--- Collected data ---

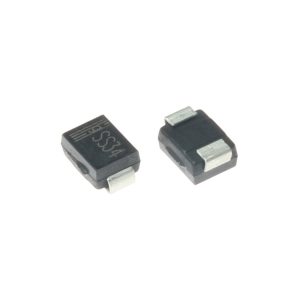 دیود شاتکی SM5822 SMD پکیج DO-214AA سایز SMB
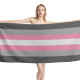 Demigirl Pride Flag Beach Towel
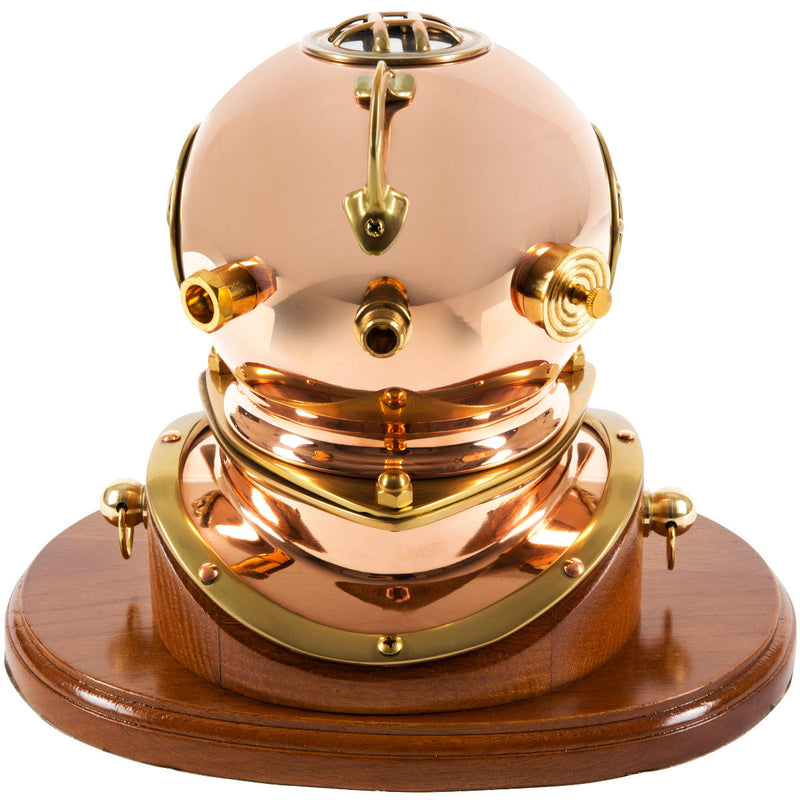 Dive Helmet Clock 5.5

---

What is needed is an exact copy of the data, without any pictures.

 دیود شاتکی SM5822 SMD پکیج DO-214AA سایز SMB
 Demigirl Pride Flag Beach Towel
 Dive Helmet Clock 5.5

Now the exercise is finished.